# Is there any hope?



## dragonfly92 (Jun 2, 2021)

Hi all,

Thought I'd write a little update. I've been focusing on my own wellbeing and setting boundaries. Despite of that I've been pretty anxious...but luckily had my first appointment with the therapist. It went really well and felt good to talk.

As for my relationship, my partner has kept up the good work, helping around the house (though not so much anymore) and being nice.

As things have been better, I tried to bring up his past behavior concerning me. But it went as it always does, us just going in circles and not really discussing anything.

I'm pretty disappointed but not surprised. On the bright side, now I know that things will likely not change. There's some clarity to light my way.


----------



## Rainbowrama (May 30, 2018)

dragonfly92 said:


> Hi all,
> 
> Thought I'd write a little update. I've been focusing on my own wellbeing and setting boundaries. Despite of that I've been pretty anxious...but luckily had my first appointment with the therapist. It went really well and felt good to talk.
> 
> ...


Stay strong, you are doing great steps. A therapist will help you so much, and you are starting to realize things. It will be so worth it in the end.


----------



## dragonfly92 (Jun 2, 2021)

Rainbowrama said:


> Stay strong, you are doing great steps. A therapist will help you so much, and you are starting to realize things. It will be so worth it in the end.


Thank you, Rainbowrama!

Everything went wrong after my last message. We got into an argument and I just lost it. I let it all out, packed my bags and left.

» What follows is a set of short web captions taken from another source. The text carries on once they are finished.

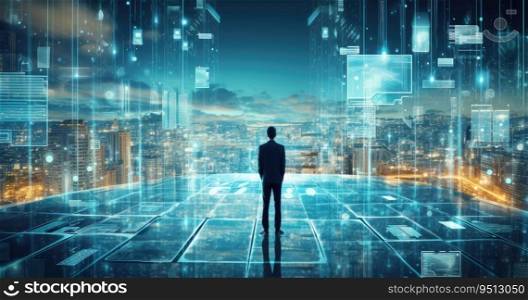 Businessman on abstract city background with binary code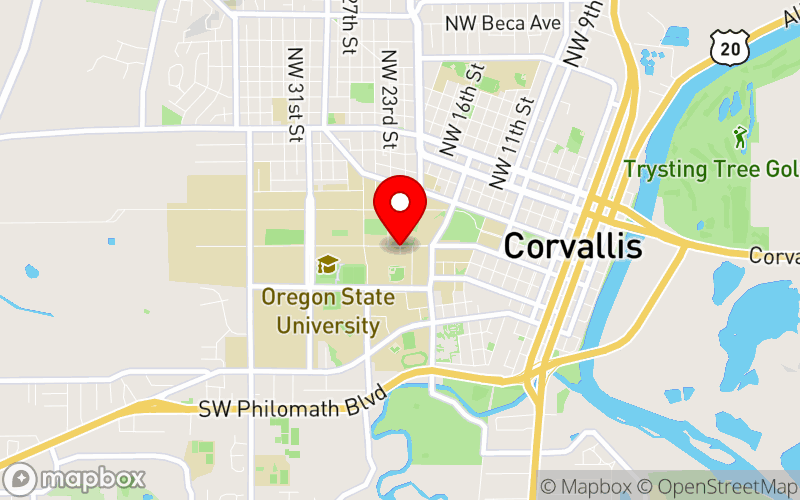 Map for 2025 Youth IDD/Mental Health Summit at CH2M/OSU Alumni Center, Corvallis, OR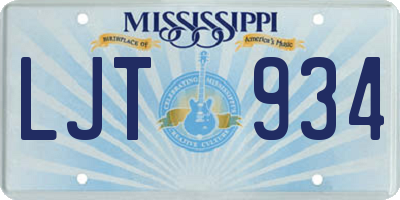MS license plate LJT934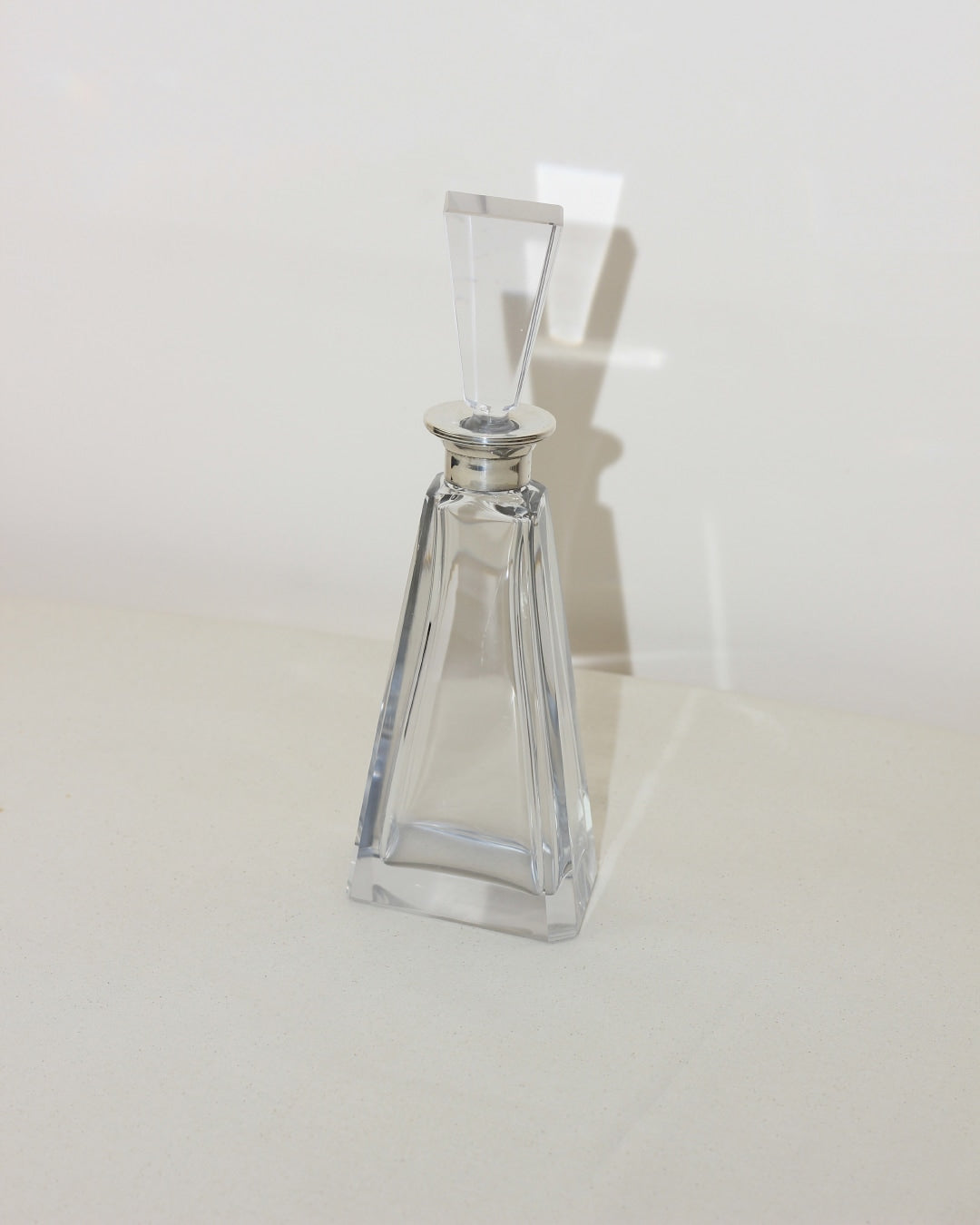Art Deco Decanter — clear glass in minimalist setting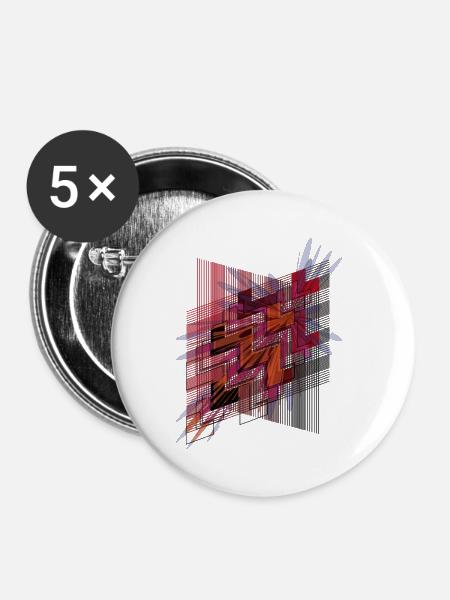 hyperspace5 - Buttons klein 25 mm (5er Pack) - Weiß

After that we didn't speak for over a week, until I texted my partner that I would like to move out. My partner had thought we'd still work things out. It's been almost two weeks now since I left and I have found myself a new home. We have been able to agree on practical matters via phone and will meet up face to face later on to have an "end talk".

I don't even know how I'm feeling. I thought I would be relieved, but I'm not. It all feels so surreal. I've been crying my eyes out everyday. I second guess my decision since everything went down so fast. We have been together for so many years and suddenly it's all over. It really hit me when I signed the papers for my new apartment.

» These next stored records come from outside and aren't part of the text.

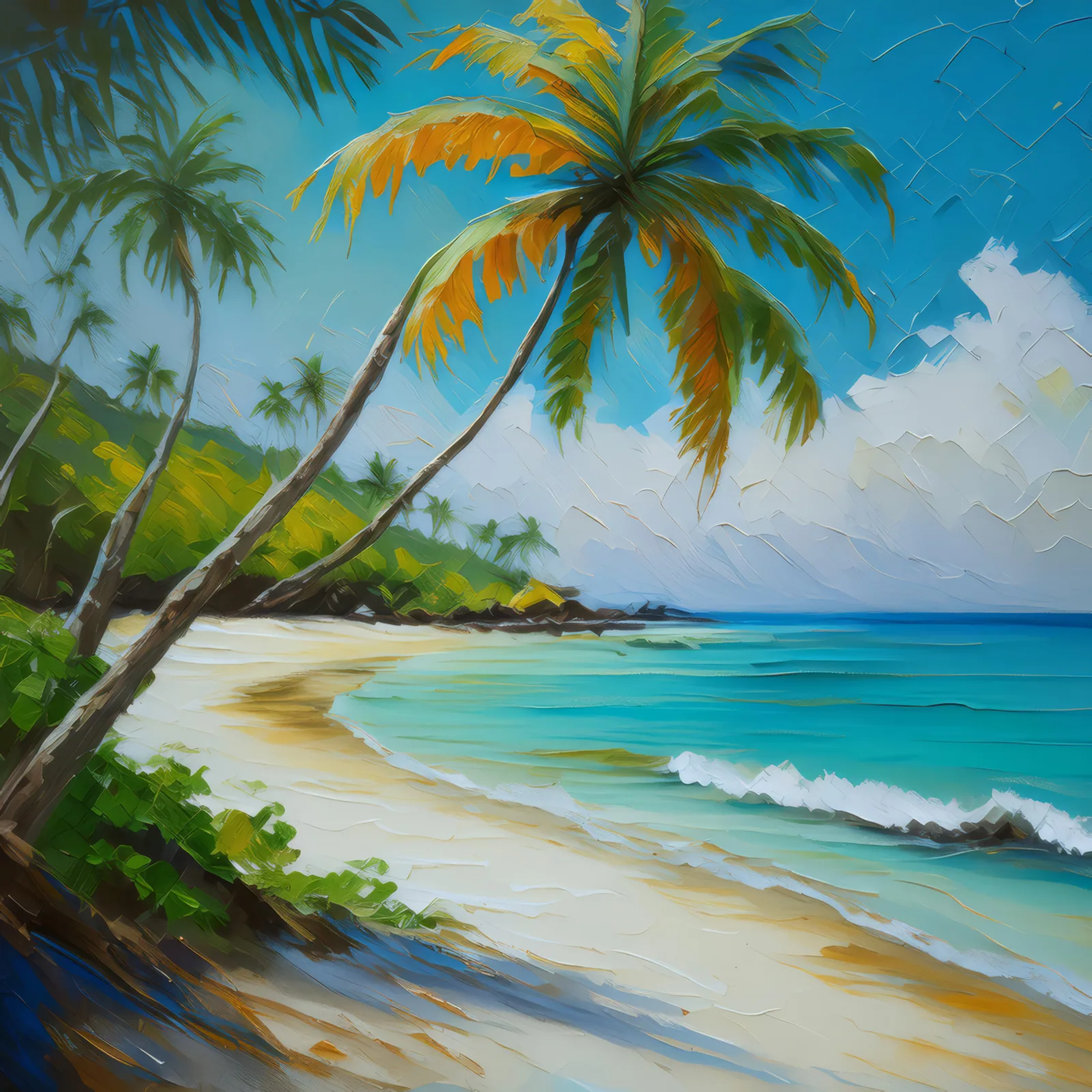 Serene Tropical Beach, a palette-knife oil landscape by Emma Mickelberg
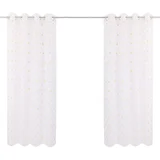 Cortina Velo Pompón Color Blanco 140 x 220 cm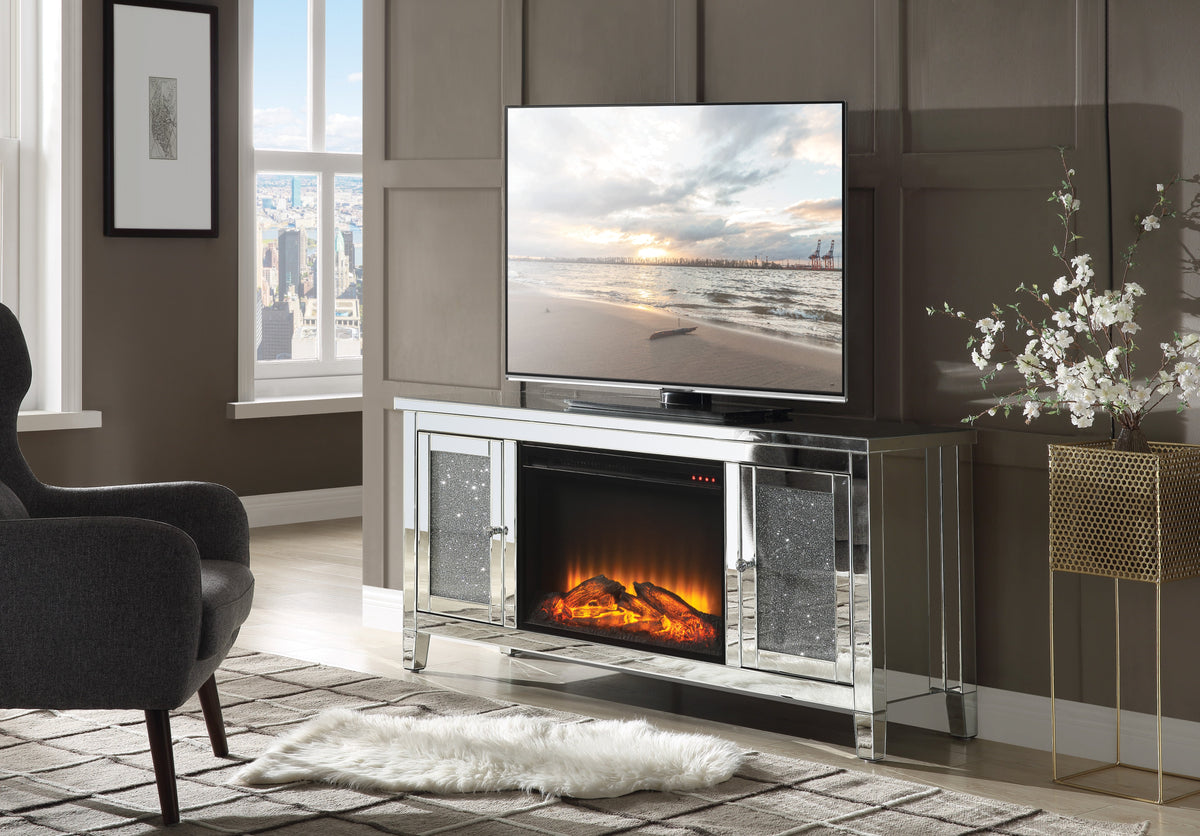 Mirrored TV Stand with LED Electric Fireplace - Noralie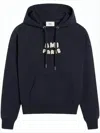 Ami Alexandre Mattiussi Cropped Black Hoodie With Textured Logo In Blue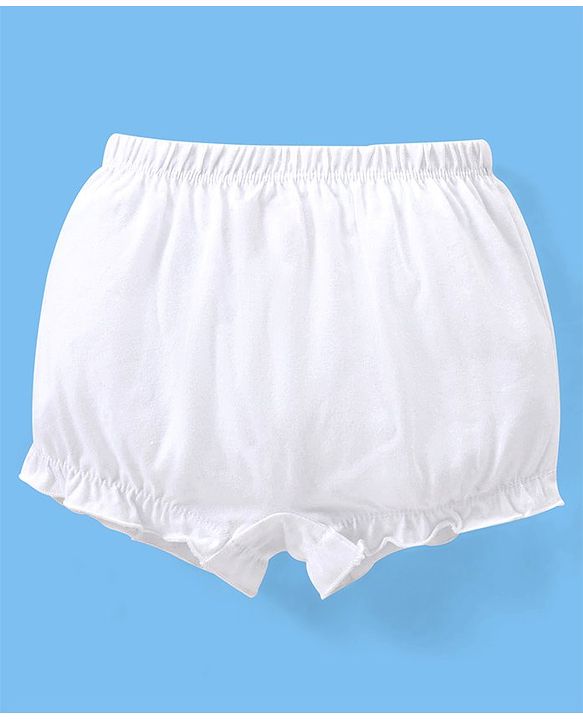 Babyhug 100% Cotton Solid Colour Bloomers Pack of 3 - White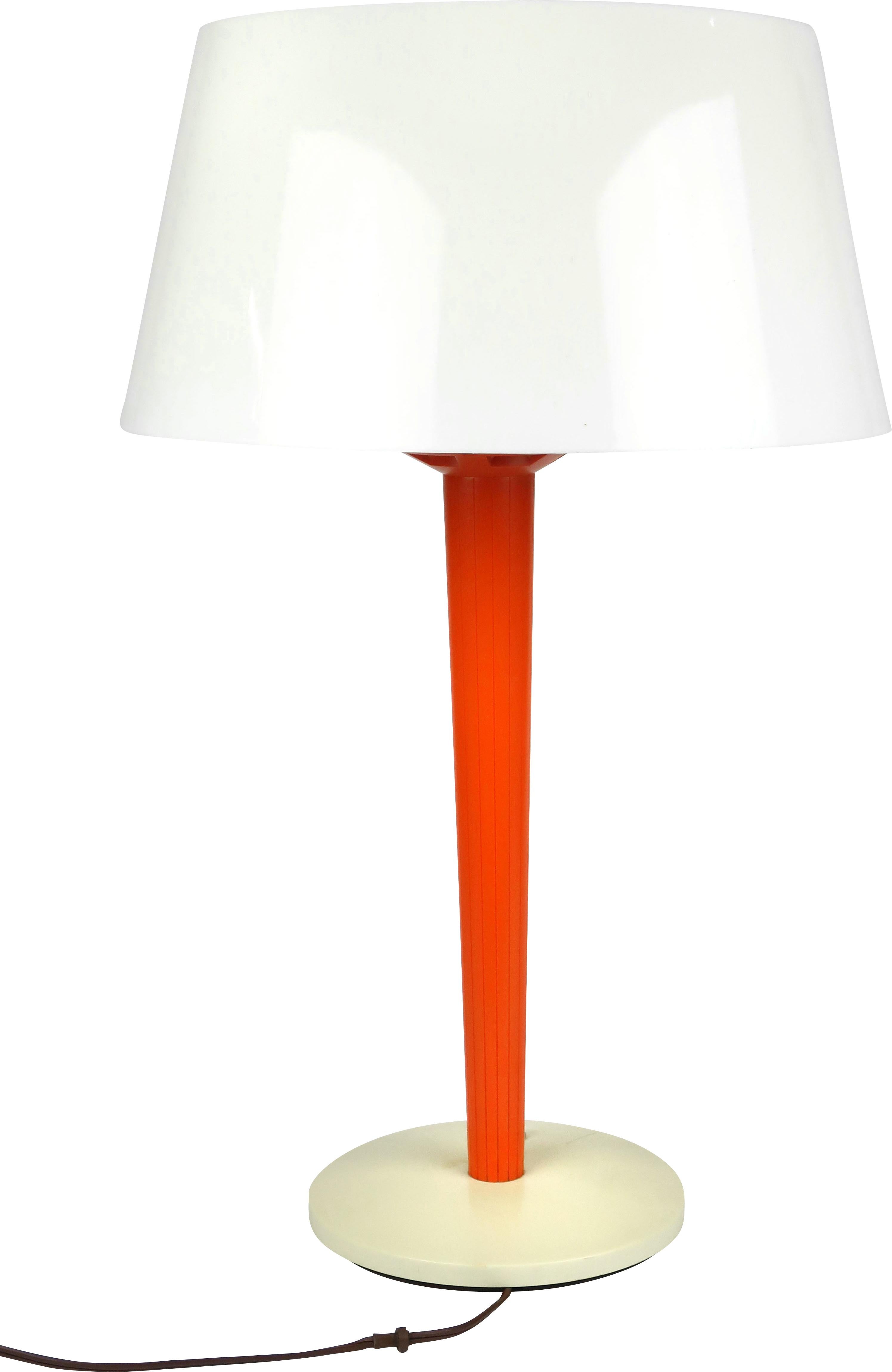 A Classic Mid-Century Modern Lightolier lamp designed by Gerald Thurston, a renowned lighting designer known for his work from the 1940s and 50s, with a bright orange plastic base and broad off-white shade. The shade has some damage from too high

It's not just a big change emotionally. I will also be exchanging my abundant, secured life downtown for a small rental far away, having just enough money to make it. I mean, it's just money and other shallow stuff, but it's a big change since everything from where I live, to how I live, to whom I live with, will be turning 360 degrees in just some weeks.

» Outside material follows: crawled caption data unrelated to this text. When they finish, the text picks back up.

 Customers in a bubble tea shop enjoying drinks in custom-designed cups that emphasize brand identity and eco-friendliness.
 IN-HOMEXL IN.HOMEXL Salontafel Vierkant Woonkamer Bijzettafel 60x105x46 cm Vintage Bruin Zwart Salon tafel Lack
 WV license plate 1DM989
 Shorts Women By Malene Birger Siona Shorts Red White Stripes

I'm sure things will get easier as time goes by. Now I'm letting myself grieve and just trying to make it trough one day after another.


----------



## impulsenine (Oct 18, 2020)

dragonfly92 said:


> Thank you, Rainbowrama!
> 
> Everything went wrong after my last message. We got into an argument and I just lost it. I let it all out, packed my bags and left. After that we didn't speak for over a week, until I texted my partner that I would like to move out. My partner had thought we'd still work things out. It's been almost two weeks now since I left and I have found myself a new home. We have been able to agree on practical matters via phone and will meet up face to face later on to have an "end talk".
> 
> ...


You did something that a lot of idiots are not able to do because they are too afraid, giving up something small and safe for something big and insecure. That's an honorable man's attitude.
Well done.
Good luck, everything would be excellent!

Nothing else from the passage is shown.